Share

Tawa Di Atas Duka

" Alan, aku mau ikut mereka pulang saja! Aku nggak mau sendirian."

Jasmine terlihat kalut kali ini. Alan yang melihat keadaan gadis itu ikut merasa terpukul atas apa yang menimpamya.

"Kamu ada aku! Kamu tidak pernah sendiri."

Alan membawa Jasmine kedalam pelukannya. Alan usap punggung rapuh gadis itu naik turun, berharap bisa memberikan sedikit ketenangan di sana.
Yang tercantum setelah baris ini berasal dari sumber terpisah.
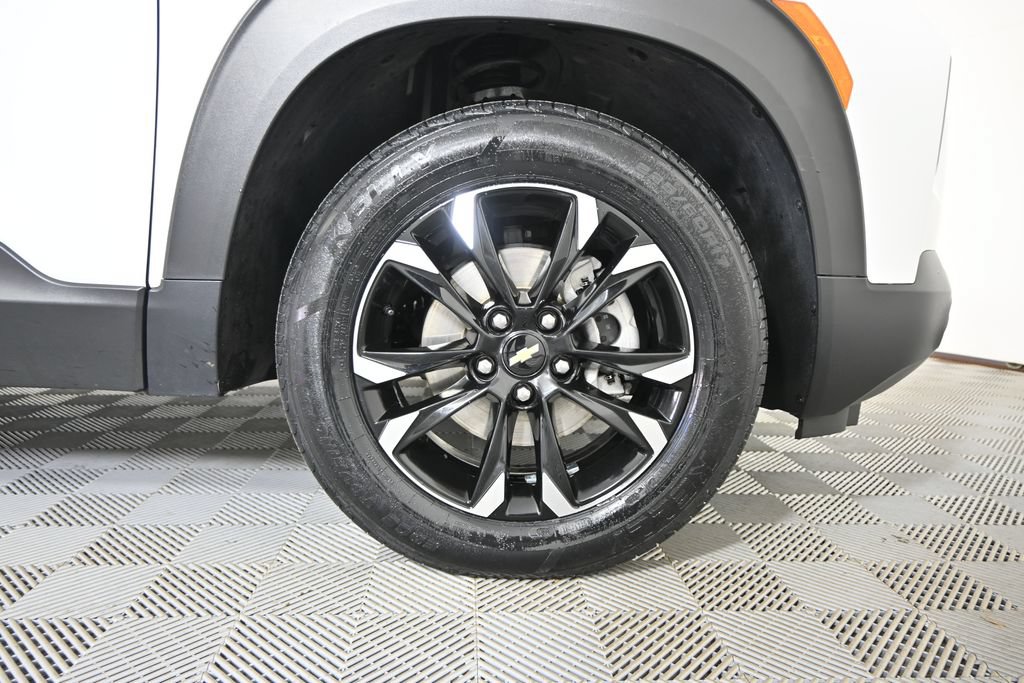 Used 2023 Chevrolet TrailBlazer LT AWD/4WD image 11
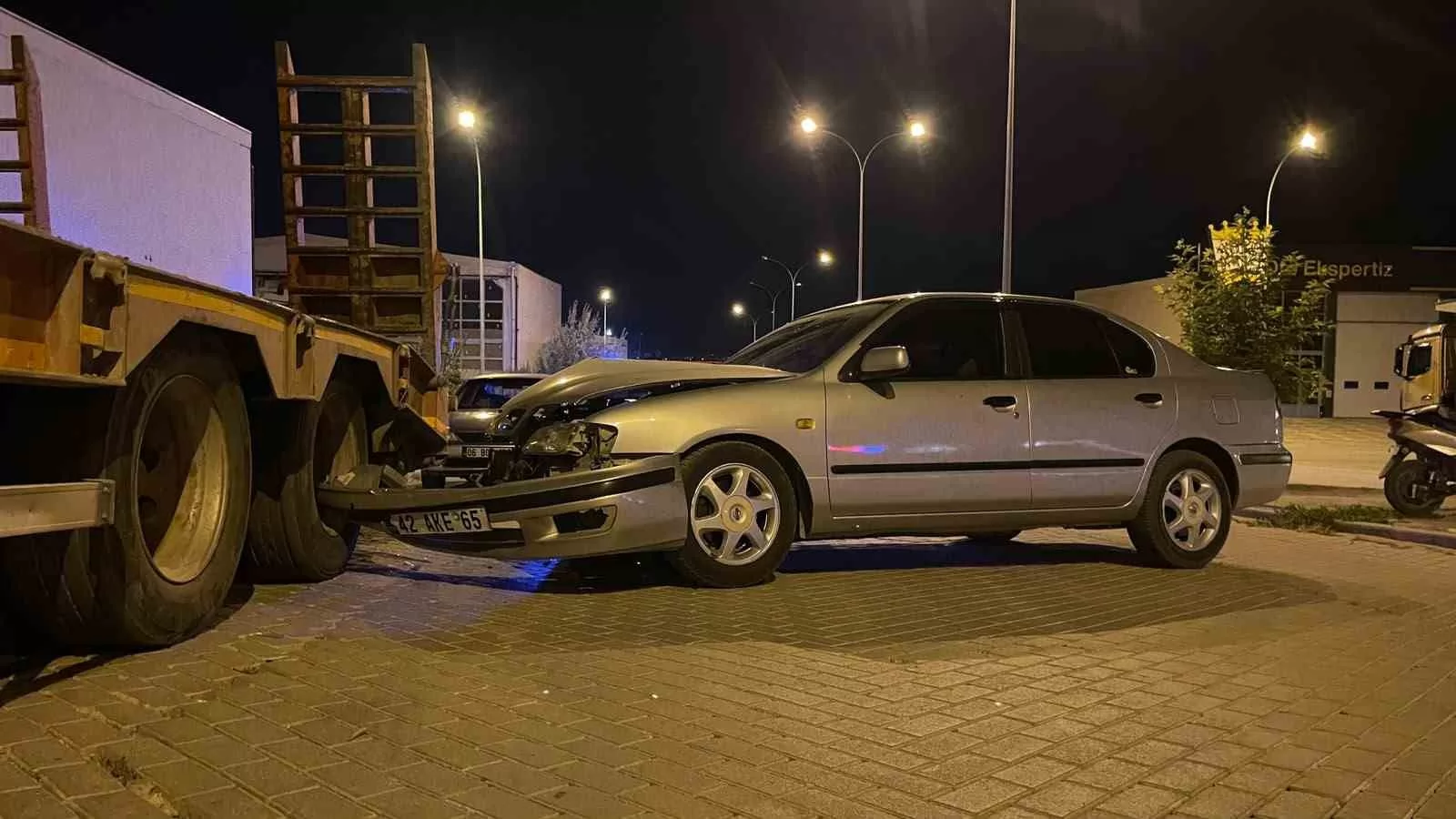 Karaman’da Gece Yarısı Kaza: Park Halindeki Tır Dorsesine Çarpan Otomobil Sürücüsü Yaralandı!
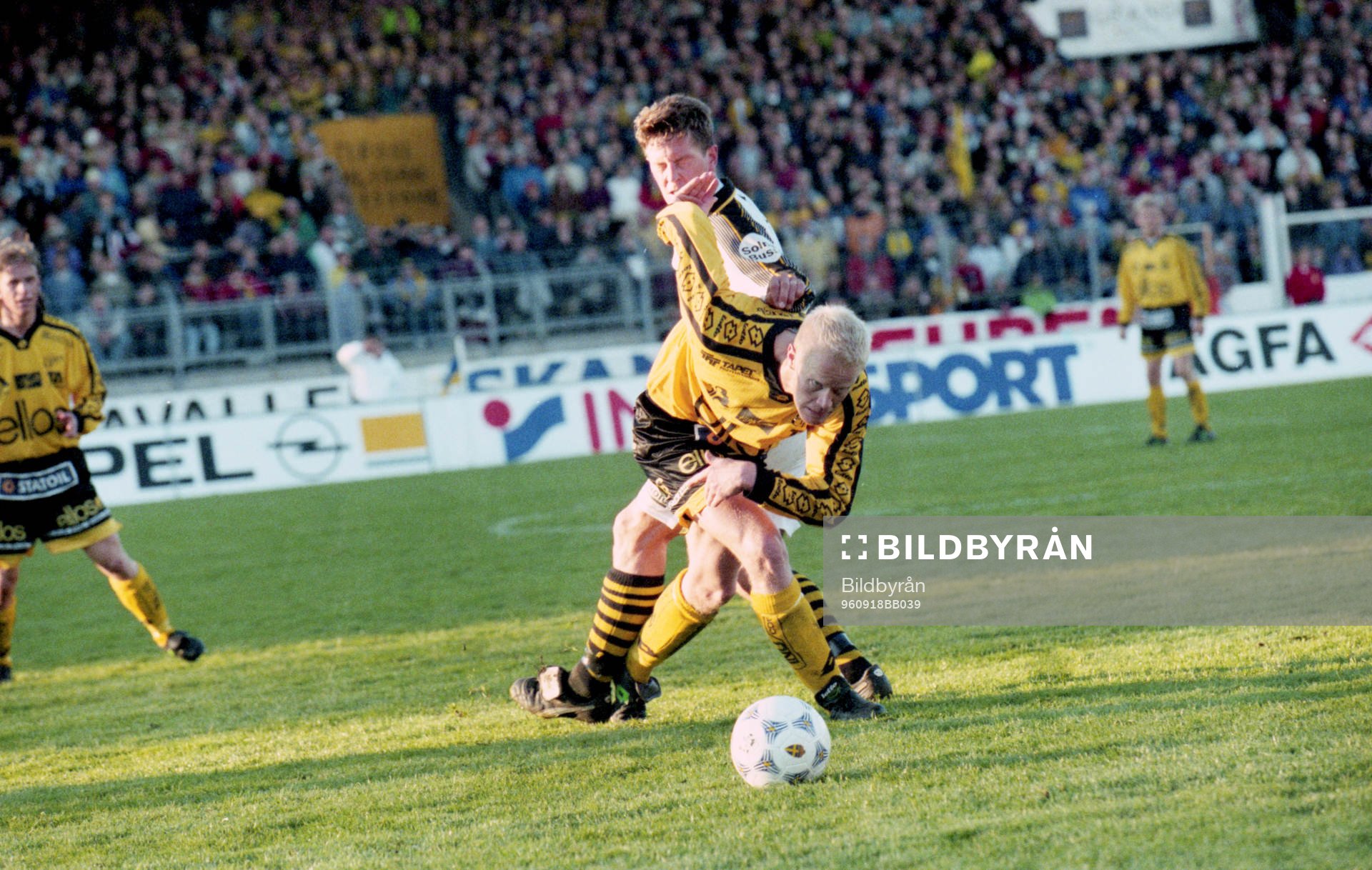  Kamp om bollen under finalen i Svenska Cupen mellan Elfsborg och AIK den 29 Maj 1997 i Borås.
BILDBYRÅN / 20662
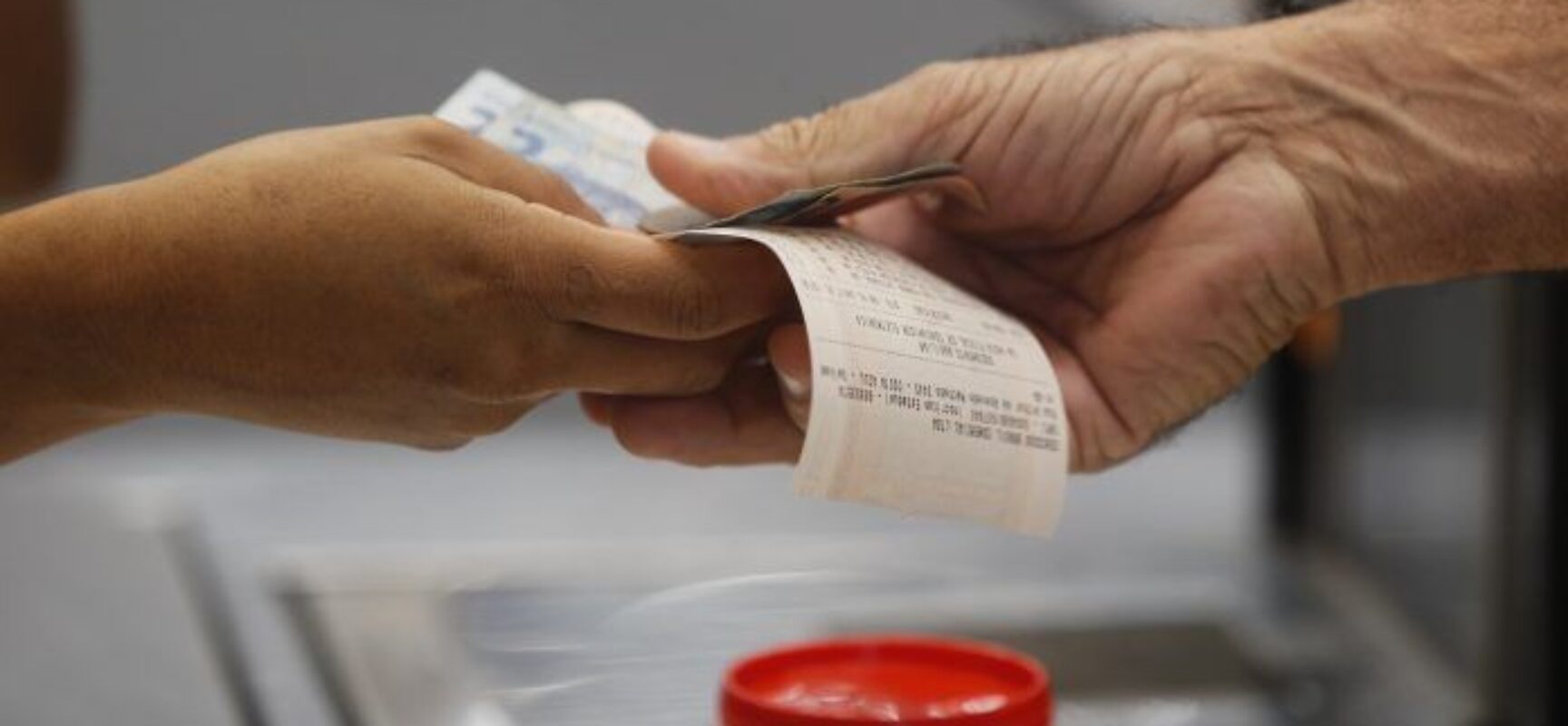 Baianos já pagaram quase R$ 50 bilhões em tributos este ano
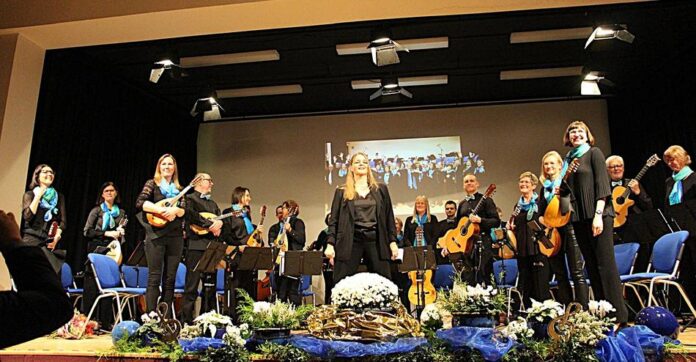 Buehnenbild-7483ebbc9e2c895a477640a5542ed548 Konzert von Musica viva Freigericht - Das Orchester zündet ein musikalisches Feuerwerk
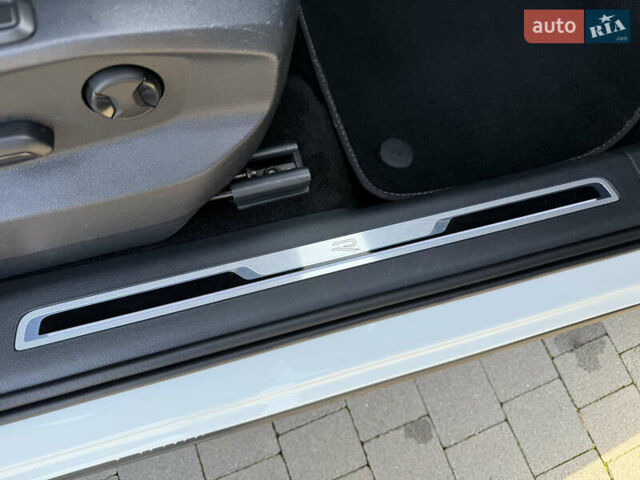 Белый Фольксваген Тигуан, объемом двигателя 1.97 л и пробегом 189 тыс. км за 36500 $, фото 54 на Automoto.ua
Sedang di hadapan Jasmine dan Alan terlihat dua pasang orang terakhir meninggalkan makam tanpa berpamitan.

"Kita pulang juga, yuk!"

Alan mencoba membujuk Jasmine pulang. Namun, gelengan saja yang pria itu dapat.

"Hari sudah mulai petang. Kita bisa berkunjung lagi besok," bujuk Alan, lagi. Pria itu tidak menyerah membujuk Jasmine. Sampai akhirnya Jasmine mau mengikuti bujukan Alan untuk turut pulang bersama.

Alan mengantar Jasmine pulang ke apartemen setelah sebelumnya bertanya. Ya, saat itu Jasmine memang butuh waktu untuk menenangkan dirinya sendiri. Di tinggal pergi kembali oleh orang tua selamanya nyatanya membuat Jasmine berkali-kali lebih terpukul. Terlebih bunda Fatma pergi meninggalkannya usai melakukan panggilan dengannya.

Sampai di apartemen Alan memastikan Jasmine bisa istirahat dengan baik barulah berani meninggalkannya.

Alan sebelumnya memaksa Jasmine makan meski nihil hasilnya sama sekali tidak ada makanan yang masuk. Alan juga meminta Jasmine membersihkan diri terlebih dahulu agar lebih segar, tapi tidak sama sekali gadis itu lakukan.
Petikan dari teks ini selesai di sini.